Prompt: Below are the records; return exactly the lines from the one with "Exercises To Conceive" through the final line, both included, minus any pictures.

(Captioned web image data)
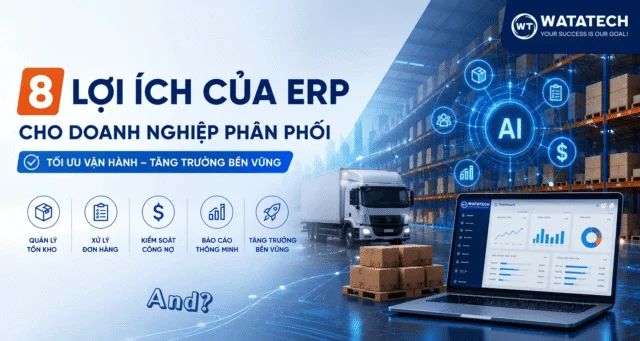 8 lợi ích của ERP đối với doanh nghiệp phân phối giúp tối ưu vận hành và tăng trưởng bền vững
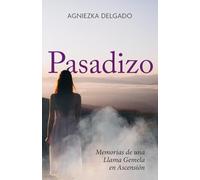 PASADIZO: Memorias de una Llama Gemela en Ascensión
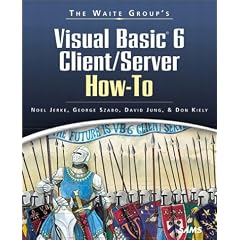 The Waite Group's Visual Basic 6 Client/ Server How-to (Sams How-To)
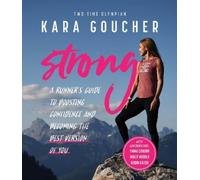 Kara Goucher Strong (Tascabile)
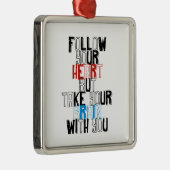 あなたのハートを後を追って下さいしかしあなたが付いているあなたの頭脳を取って下さい メタルオーナメント (右)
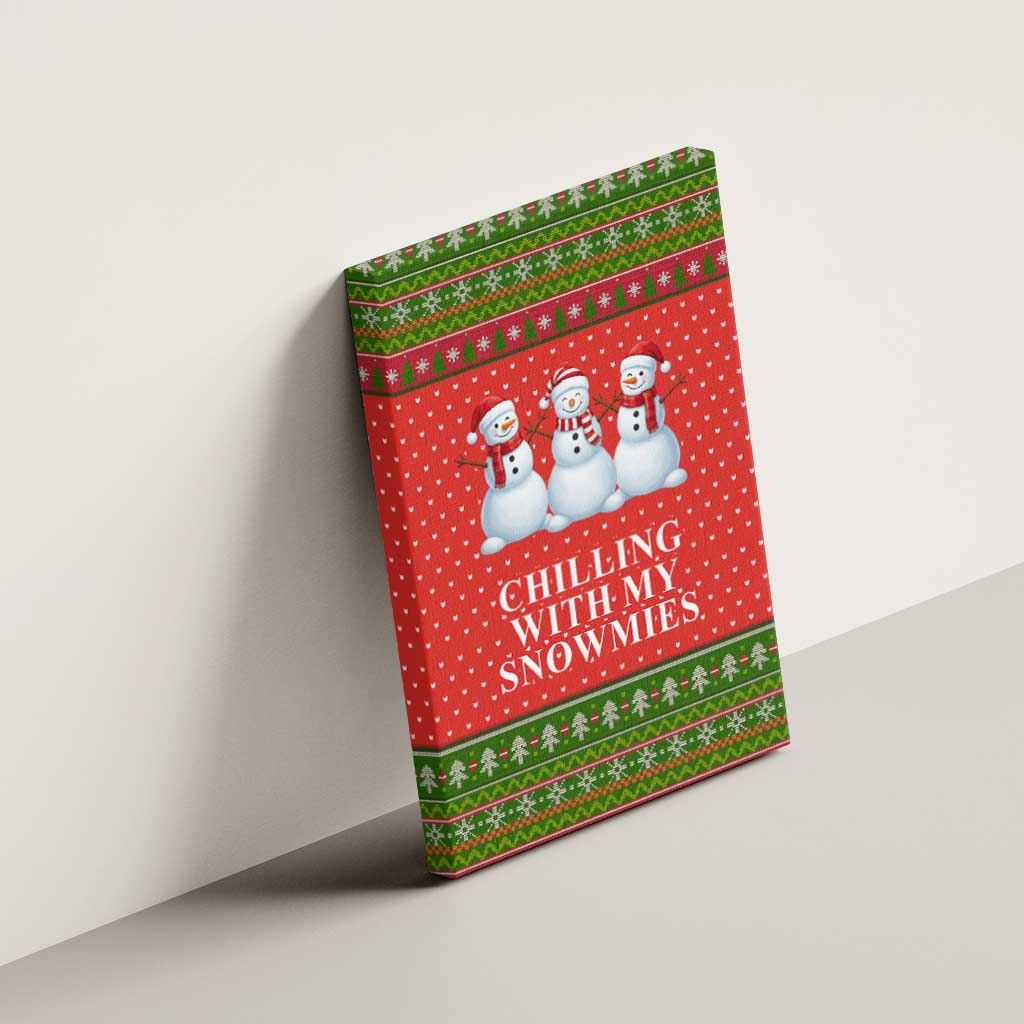 Chilling With My Snowmies Christmas Canvas Wall Art Xmas Holiday Patterns - Wonder Print Shop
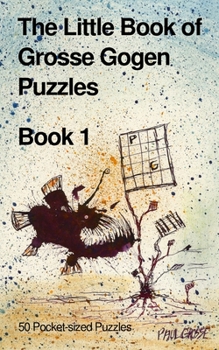 Paperback The Little Book of Grosse Gogen Puzzles 1: 50 Grosse Gogen Puzzles Book 1 Book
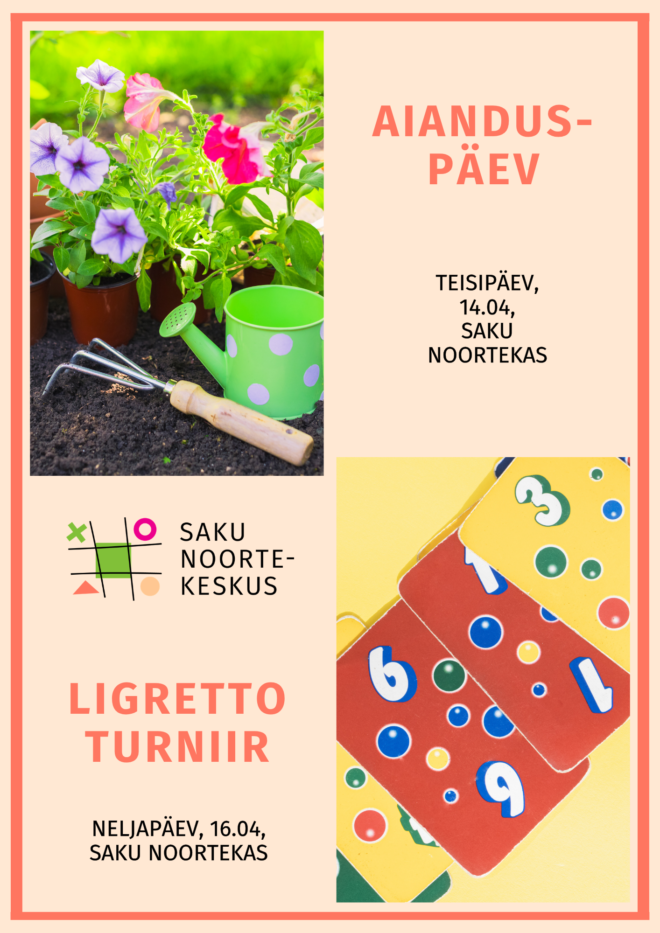 Tegevused Saku Noortekeskuses 14.04 ja 16.04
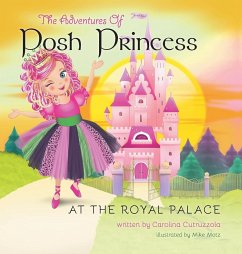 The Adventures of Posh Princess - At the Royal Palace - Cutruzzola, Carolina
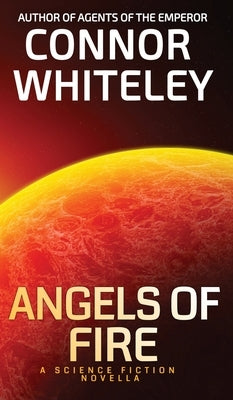 Angels of Fire: A Science Fiction Novella by Whiteley, Connor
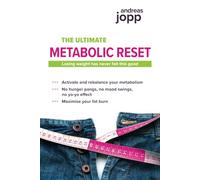THE ULTIMATE METABOLIC RESET: Activate Your Metabolism for Easy Weight Loss and More Energy. Say Farewell to Hunger, Mood Swings, and the Yo-Yo-Cycle.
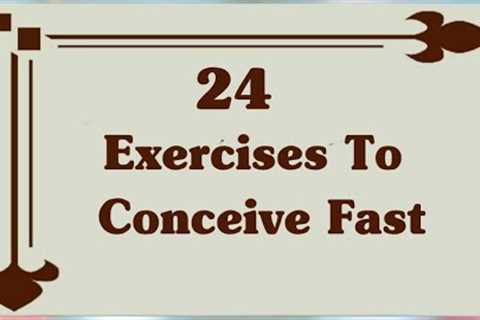 Exercises To Conceive Fast | Exercises To Increase Infertility | 24 Yoga Posture For Quick Pregnancy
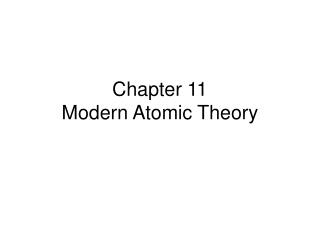 Chapter 11 Modern Atomic Theory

Solution to this task:
 Exercises To Conceive Fast | Exercises To Increase Infertility | 24 Yoga Posture For Quick Pregnancy
 Chapter 11 Modern Atomic Theory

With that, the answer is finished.